▶ _WORK REQUIRED_:
Would you write out the listing verbatim and skip every picture in it?

── DATA SEGMENT ──

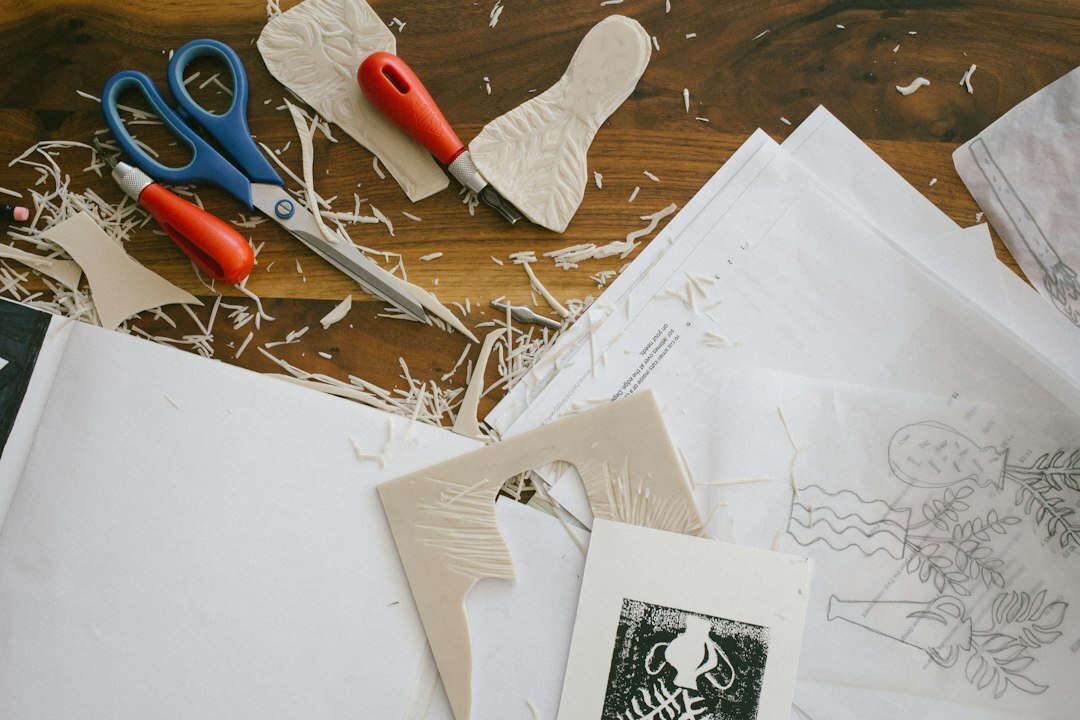 Designer's desk covered with vintage print layouts and drafting tools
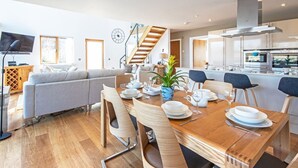 A modern living room with a sofa, a dining table set with plates and glasses, a TV, and a staircase leading to another level. - Waters Edge 05, Amaranth Lodge (P) - Lakeside Holiday Home, Hot Tub, Sleeps 6 (Cirencester)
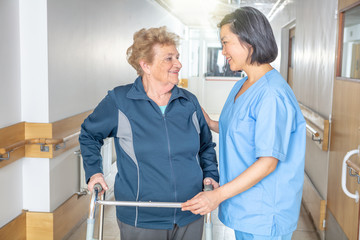 Asian female doctor reassuring mature elderly woman with walker. Two women smiling happy in the hospital aisle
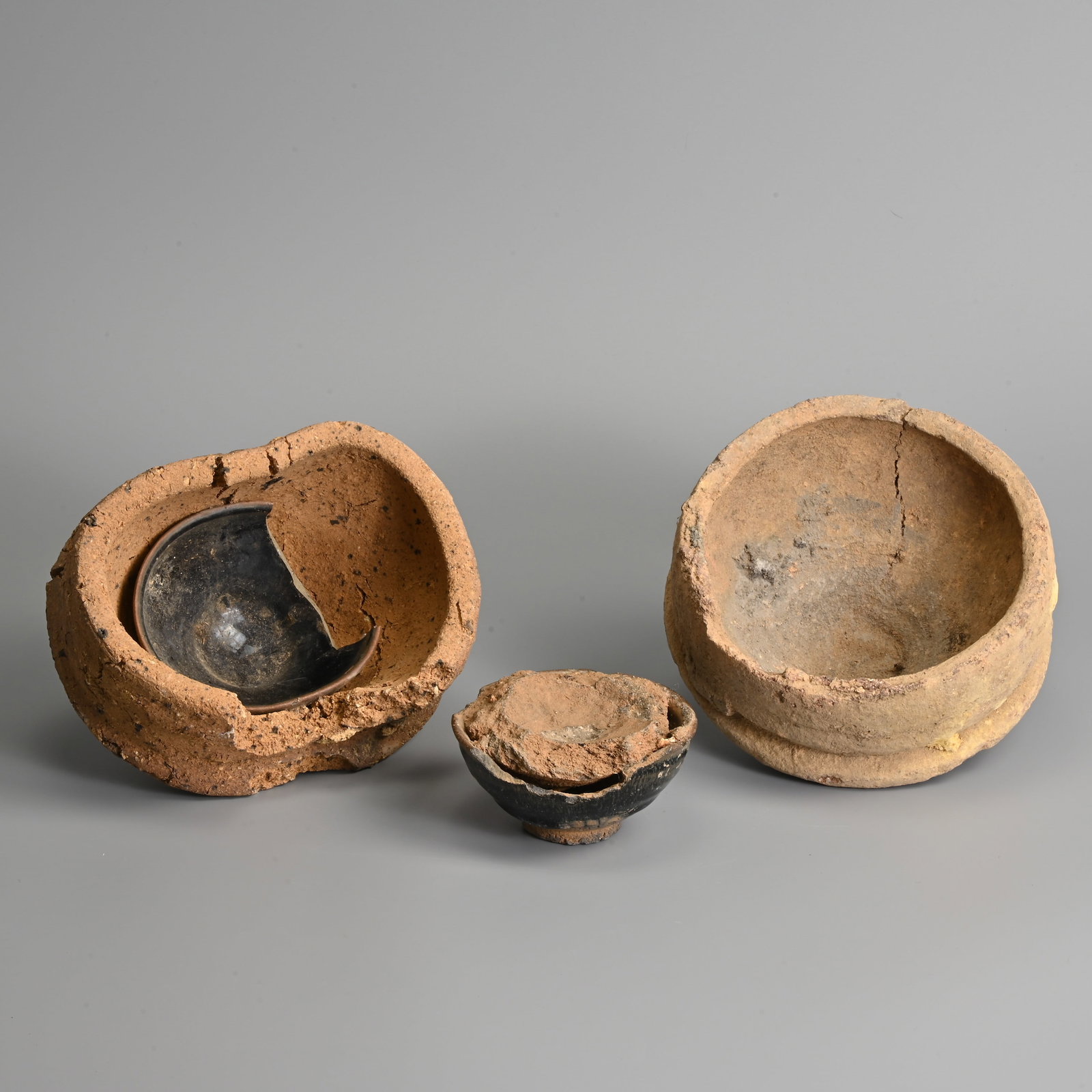 TWO CHINESE JIAN HARE'S FUR GLAZED POTTERY TEA BOWLS WITH KILN SAGGARS, SONG DYNASTY (960-1279). (1 of 6)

───

▶ _EXPECTED OUTPUT_:
 Designer's desk covered with vintage print layouts and drafting tools
 A modern living room with a sofa, a dining table set with plates and glasses, a TV, and a staircase leading to another level. - Waters Edge 05, Amaranth Lodge (P) - Lakeside Holiday Home, Hot Tub, Sleeps 6 (Cirencester)
 Asian female doctor reassuring mature elderly woman with walker. Two women smiling happy in the hospital aisle
 TWO CHINESE JIAN HARE'S FUR GLAZED POTTERY TEA BOWLS WITH KILN SAGGARS, SONG DYNASTY (960-1279). (1 of 6)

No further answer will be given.